◆ Task item
Repeat precisely the span of lines below that opens with the line containing "Antalya’da İki Araç" and closes with the line containing "Rolls-Royce Ghost - 20", both included.

*** Block opens ***

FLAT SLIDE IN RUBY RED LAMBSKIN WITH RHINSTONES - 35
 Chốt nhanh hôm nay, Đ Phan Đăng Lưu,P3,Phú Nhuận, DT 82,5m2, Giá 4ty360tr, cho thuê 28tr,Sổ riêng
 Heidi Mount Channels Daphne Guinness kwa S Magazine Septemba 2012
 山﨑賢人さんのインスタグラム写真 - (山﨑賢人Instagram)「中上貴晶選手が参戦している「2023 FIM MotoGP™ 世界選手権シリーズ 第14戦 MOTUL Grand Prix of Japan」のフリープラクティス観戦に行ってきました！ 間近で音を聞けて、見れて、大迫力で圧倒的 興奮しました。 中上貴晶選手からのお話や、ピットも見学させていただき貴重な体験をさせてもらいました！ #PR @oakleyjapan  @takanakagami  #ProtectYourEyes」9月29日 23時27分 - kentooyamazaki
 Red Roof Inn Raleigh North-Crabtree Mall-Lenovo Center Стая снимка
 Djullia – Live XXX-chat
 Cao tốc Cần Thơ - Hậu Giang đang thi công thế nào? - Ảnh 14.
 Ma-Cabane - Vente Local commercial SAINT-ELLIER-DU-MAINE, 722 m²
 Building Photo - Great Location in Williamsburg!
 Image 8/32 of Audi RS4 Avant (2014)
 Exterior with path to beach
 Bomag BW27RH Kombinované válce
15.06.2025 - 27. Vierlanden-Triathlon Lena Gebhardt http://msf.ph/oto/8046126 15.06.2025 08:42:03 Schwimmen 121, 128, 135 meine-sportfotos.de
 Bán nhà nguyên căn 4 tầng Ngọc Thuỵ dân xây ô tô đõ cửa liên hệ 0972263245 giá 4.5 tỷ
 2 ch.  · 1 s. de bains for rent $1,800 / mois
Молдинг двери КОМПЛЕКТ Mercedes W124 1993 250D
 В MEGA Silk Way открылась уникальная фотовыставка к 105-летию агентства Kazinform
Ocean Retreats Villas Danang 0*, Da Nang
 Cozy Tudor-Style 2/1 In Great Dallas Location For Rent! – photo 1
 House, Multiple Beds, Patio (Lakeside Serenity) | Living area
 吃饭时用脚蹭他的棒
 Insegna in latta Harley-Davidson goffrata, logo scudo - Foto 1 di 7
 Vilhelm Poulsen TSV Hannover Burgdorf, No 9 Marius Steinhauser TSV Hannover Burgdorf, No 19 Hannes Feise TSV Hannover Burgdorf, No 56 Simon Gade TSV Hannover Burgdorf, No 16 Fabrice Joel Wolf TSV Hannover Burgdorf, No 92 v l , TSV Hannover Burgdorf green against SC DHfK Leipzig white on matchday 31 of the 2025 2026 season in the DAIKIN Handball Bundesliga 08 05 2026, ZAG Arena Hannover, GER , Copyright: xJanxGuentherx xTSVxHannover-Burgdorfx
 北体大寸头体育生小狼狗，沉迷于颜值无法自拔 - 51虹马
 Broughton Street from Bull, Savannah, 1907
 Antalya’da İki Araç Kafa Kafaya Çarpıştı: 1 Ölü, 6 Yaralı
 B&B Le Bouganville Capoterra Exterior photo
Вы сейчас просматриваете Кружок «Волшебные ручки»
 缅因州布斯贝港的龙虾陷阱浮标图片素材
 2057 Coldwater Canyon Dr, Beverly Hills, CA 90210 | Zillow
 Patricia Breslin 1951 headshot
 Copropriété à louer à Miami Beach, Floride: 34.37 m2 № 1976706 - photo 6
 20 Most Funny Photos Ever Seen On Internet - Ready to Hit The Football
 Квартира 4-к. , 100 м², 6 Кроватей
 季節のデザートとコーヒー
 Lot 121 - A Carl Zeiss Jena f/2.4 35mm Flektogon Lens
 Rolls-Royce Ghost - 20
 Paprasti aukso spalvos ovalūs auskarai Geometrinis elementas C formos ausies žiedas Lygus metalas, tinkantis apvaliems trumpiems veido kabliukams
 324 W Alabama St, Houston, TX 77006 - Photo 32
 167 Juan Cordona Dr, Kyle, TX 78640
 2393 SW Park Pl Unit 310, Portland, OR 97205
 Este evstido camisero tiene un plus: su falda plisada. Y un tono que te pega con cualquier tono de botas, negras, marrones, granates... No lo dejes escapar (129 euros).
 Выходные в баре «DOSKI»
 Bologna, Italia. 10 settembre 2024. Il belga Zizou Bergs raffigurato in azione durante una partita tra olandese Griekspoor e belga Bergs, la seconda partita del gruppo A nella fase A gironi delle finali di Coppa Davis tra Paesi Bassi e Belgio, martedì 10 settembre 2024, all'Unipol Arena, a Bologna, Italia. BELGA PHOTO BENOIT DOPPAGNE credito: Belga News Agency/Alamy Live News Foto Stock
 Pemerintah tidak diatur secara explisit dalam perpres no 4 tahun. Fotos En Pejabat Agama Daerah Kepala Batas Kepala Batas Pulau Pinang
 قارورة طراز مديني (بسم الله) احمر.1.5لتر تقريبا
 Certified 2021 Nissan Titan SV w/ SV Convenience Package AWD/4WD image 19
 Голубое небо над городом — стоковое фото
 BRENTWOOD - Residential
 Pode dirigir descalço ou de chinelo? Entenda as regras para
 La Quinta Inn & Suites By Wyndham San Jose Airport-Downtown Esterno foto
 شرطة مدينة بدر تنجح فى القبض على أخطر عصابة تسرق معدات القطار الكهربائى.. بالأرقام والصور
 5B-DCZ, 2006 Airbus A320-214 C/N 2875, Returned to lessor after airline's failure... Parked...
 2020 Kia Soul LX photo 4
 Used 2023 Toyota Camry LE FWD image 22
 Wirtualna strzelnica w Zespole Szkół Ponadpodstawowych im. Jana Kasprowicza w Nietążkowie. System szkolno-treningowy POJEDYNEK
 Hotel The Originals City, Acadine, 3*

*** Block closes ***

◆ Result for this exercise
 Antalya’da İki Araç Kafa Kafaya Çarpıştı: 1 Ölü, 6 Yaralı
 B&B Le Bouganville Capoterra Exterior photo
Вы сейчас просматриваете Кружок «Волшебные ручки»
 缅因州布斯贝港的龙虾陷阱浮标图片素材
 2057 Coldwater Canyon Dr, Beverly Hills, CA 90210 | Zillow
 Patricia Breslin 1951 headshot
 Copropriété à louer à Miami Beach, Floride: 34.37 m2 № 1976706 - photo 6
 20 Most Funny Photos Ever Seen On Internet - Ready to Hit The Football
 Квартира 4-к. , 100 м², 6 Кроватей
 季節のデザートとコーヒー
 Lot 121 - A Carl Zeiss Jena f/2.4 35mm Flektogon Lens
 Rolls-Royce Ghost - 20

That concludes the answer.